[Collected data entries]
-*-*-

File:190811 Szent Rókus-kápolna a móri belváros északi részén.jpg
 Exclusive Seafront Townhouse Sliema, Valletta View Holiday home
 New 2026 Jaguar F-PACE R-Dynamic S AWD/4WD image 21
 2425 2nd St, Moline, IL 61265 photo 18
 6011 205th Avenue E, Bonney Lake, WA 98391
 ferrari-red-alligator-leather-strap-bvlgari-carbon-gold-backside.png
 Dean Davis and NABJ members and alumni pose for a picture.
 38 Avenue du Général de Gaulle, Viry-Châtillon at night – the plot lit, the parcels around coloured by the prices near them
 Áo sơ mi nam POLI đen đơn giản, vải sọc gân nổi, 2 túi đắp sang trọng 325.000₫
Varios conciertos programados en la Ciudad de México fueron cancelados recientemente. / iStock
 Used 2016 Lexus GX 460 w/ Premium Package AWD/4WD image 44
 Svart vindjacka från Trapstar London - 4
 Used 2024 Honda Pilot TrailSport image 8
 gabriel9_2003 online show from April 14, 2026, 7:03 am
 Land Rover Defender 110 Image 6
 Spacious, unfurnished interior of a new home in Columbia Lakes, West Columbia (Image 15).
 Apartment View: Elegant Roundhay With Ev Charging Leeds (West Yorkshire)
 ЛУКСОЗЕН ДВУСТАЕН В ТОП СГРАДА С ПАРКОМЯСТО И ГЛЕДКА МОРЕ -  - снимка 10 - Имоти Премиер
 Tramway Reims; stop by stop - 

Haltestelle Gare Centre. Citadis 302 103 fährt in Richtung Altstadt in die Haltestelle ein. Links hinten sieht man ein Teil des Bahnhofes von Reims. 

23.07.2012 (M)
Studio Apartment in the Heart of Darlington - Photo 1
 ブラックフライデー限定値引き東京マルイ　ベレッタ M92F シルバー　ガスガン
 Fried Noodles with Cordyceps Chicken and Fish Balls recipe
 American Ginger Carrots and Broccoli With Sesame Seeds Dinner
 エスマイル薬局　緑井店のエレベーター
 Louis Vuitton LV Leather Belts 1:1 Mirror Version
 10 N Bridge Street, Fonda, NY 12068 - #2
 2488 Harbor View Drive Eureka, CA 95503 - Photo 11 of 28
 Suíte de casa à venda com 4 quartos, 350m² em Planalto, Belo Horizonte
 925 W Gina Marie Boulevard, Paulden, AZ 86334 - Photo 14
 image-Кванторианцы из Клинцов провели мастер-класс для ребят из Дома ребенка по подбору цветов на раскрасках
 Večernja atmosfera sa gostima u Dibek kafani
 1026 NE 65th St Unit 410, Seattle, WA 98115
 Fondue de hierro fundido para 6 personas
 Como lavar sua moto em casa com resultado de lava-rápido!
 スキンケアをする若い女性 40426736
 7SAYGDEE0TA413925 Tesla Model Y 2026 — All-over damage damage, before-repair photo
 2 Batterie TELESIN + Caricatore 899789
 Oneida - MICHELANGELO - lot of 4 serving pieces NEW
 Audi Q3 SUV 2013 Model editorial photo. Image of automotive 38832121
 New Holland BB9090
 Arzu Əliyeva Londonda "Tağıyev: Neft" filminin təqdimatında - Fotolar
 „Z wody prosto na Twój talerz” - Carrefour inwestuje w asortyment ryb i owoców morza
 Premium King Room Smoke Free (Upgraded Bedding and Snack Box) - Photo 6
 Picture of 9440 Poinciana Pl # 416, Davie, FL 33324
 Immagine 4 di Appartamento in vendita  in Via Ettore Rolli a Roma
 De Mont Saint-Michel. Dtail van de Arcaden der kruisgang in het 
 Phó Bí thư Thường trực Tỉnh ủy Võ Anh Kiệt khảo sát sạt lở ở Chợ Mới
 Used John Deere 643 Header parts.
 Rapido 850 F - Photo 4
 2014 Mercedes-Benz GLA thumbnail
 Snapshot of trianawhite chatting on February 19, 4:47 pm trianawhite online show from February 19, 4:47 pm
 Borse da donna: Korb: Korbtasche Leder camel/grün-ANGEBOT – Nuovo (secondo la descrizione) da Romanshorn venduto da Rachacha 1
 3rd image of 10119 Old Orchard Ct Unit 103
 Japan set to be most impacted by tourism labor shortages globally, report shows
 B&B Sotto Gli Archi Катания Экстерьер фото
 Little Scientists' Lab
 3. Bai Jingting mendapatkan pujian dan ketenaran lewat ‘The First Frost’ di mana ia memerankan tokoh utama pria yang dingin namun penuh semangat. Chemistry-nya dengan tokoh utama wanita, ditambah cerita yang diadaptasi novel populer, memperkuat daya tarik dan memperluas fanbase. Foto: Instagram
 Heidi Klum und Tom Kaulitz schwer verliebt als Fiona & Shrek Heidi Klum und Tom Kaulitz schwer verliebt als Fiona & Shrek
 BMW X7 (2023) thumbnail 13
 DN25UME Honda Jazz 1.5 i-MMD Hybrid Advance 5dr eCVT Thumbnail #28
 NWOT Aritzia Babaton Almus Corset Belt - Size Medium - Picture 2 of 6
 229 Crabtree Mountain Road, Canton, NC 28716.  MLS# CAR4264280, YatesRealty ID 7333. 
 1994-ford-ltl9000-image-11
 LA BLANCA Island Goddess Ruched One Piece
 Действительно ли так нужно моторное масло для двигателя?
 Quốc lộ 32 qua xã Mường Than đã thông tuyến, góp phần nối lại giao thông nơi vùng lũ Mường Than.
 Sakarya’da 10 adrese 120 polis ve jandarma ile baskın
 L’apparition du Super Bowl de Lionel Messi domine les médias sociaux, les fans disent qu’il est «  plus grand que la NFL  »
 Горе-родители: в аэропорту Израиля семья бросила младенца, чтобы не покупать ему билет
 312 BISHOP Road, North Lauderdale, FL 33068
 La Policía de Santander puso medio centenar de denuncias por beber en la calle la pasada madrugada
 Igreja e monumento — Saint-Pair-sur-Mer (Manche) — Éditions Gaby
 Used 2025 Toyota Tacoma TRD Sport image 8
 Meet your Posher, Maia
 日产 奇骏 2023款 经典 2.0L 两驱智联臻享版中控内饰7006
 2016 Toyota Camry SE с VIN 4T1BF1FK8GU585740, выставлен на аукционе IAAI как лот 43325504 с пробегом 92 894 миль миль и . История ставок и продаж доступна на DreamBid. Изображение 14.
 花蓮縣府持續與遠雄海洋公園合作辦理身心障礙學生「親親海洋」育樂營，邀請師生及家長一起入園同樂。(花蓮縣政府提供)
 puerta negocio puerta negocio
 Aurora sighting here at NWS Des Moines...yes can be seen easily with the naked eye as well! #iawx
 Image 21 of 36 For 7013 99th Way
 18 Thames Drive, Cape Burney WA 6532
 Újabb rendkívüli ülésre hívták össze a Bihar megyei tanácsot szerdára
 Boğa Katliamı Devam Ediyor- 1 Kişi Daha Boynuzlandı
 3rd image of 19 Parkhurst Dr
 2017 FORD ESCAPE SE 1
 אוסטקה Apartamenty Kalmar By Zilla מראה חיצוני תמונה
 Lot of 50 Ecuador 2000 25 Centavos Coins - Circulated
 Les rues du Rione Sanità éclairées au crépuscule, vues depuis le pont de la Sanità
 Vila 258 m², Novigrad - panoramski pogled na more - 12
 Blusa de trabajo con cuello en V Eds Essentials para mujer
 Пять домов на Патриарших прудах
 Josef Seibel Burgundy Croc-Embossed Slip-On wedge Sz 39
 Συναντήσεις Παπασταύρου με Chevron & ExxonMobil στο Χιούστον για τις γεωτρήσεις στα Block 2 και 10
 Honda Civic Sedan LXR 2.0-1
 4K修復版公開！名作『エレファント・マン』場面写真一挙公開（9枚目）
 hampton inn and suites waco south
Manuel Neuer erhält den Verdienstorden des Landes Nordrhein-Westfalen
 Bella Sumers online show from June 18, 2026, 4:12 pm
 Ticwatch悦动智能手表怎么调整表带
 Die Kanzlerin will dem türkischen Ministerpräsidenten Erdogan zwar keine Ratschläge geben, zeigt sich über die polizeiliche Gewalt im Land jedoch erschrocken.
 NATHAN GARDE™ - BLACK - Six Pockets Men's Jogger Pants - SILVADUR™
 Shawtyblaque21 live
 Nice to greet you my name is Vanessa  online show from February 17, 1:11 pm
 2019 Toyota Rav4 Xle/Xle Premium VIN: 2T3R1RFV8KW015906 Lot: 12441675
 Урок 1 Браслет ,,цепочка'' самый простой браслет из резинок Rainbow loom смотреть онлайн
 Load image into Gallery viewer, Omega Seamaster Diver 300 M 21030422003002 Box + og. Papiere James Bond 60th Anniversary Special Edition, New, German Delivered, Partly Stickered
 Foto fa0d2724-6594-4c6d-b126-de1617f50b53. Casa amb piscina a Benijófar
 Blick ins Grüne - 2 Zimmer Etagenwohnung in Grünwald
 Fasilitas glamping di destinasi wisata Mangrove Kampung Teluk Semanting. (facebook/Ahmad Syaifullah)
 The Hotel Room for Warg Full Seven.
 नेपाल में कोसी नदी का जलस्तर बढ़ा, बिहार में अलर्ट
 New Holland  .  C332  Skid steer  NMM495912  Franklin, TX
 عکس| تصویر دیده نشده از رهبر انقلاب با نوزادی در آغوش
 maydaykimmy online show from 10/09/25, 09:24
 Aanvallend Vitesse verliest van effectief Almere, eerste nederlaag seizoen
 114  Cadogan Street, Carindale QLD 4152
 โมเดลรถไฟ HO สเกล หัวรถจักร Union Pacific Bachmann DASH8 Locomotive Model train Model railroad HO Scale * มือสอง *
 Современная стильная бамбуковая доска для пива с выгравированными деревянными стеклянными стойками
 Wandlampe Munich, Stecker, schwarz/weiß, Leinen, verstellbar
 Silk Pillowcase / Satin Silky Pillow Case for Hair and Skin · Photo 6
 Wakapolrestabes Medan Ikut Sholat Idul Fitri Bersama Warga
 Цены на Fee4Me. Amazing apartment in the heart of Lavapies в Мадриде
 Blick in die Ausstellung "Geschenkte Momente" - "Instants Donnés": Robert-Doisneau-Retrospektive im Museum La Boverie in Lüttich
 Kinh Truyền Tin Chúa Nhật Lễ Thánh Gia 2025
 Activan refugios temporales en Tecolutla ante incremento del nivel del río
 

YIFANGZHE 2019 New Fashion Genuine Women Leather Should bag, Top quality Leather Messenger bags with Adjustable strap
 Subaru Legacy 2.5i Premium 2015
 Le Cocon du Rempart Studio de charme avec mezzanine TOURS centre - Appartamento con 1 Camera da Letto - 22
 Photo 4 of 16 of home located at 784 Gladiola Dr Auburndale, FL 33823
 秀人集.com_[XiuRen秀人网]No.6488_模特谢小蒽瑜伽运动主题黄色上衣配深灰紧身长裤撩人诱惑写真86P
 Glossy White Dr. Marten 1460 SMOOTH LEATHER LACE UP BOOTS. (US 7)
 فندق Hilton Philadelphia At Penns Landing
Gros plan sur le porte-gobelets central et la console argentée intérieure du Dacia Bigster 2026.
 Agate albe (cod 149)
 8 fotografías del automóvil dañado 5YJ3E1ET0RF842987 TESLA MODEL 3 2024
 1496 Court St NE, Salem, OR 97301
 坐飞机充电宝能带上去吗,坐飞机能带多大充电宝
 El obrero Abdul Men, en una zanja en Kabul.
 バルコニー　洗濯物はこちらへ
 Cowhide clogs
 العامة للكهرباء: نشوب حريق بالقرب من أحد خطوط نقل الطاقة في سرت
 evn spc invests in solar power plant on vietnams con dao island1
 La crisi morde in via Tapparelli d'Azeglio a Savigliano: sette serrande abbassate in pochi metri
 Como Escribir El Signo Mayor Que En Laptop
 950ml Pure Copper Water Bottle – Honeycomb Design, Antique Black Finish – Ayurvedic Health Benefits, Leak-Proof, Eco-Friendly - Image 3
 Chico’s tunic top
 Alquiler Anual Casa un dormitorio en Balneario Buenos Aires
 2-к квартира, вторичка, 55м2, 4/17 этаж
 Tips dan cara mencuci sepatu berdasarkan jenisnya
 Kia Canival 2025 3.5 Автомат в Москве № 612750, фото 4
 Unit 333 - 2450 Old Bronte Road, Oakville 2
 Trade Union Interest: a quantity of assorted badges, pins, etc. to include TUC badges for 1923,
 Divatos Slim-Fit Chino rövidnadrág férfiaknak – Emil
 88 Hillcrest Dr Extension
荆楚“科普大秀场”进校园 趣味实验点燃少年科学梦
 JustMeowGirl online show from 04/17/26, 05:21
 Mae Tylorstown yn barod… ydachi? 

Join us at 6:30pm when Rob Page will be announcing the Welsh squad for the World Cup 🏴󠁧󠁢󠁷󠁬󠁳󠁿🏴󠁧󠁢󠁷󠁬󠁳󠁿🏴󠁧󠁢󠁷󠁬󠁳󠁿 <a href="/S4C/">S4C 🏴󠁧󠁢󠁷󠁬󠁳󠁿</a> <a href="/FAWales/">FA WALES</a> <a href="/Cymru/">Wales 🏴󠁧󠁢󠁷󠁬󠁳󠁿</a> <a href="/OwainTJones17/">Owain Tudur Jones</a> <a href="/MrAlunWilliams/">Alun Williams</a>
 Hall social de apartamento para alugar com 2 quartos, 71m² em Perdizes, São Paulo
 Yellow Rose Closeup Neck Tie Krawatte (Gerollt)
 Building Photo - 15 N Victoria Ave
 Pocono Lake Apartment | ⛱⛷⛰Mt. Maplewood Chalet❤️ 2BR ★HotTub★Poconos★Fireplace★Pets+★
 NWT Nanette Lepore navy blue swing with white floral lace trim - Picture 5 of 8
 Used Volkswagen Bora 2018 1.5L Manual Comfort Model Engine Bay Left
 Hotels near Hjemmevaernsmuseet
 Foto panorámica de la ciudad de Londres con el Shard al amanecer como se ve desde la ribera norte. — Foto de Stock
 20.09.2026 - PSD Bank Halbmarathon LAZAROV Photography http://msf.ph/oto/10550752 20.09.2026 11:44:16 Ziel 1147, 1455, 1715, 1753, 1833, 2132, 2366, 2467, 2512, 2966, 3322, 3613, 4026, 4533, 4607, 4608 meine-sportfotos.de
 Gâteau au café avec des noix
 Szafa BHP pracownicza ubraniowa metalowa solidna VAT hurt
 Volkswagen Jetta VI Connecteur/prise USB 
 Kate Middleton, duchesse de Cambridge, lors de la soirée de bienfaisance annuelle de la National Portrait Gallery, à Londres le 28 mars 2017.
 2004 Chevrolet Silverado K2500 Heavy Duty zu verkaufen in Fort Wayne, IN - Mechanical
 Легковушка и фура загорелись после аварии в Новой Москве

-*-*-

◆ Try it ◆
Copy out every line of the data that includes the word "Studio".

◆ Task solution ◆
Studio Apartment in the Heart of Darlington - Photo 1
 Le Cocon du Rempart Studio de charme avec mezzanine TOURS centre - Appartamento con 1 Camera da Letto - 22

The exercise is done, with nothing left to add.